#### [Data]
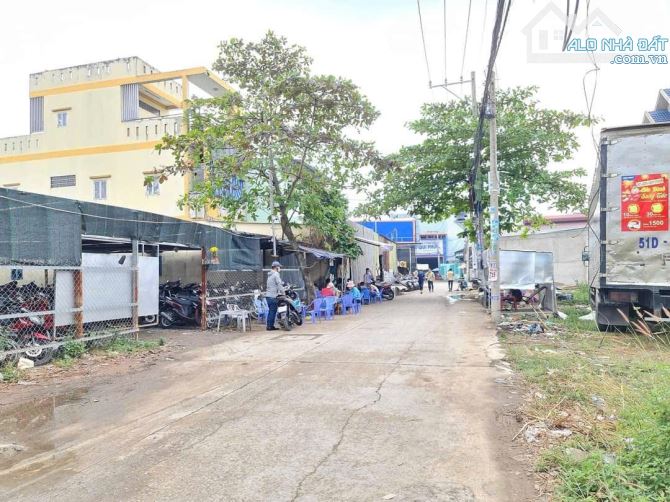 BÁN 110M2 ĐẤT , BÌNH TÂN . GIÁ 4 TỶ 6 , SỔ HỒNG RIÊNG , ĐƯỜNG Ô TÔ. - 3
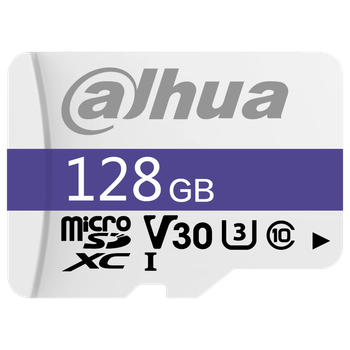 Карта памяти Dahua micro SD 128 GB модель DHI TF C100 128GB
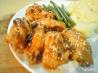 Caramelized Chicken Wings. Recipe by internetnut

#### [What the task asks]
Each line from the one containing "Карта памяти Dahua" through the last line of the listing is to be given again exactly, with no pictures and no other lines.

#### [Solution to the problem]
 Карта памяти Dahua micro SD 128 GB модель DHI TF C100 128GB
 Caramelized Chicken Wings. Recipe by internetnut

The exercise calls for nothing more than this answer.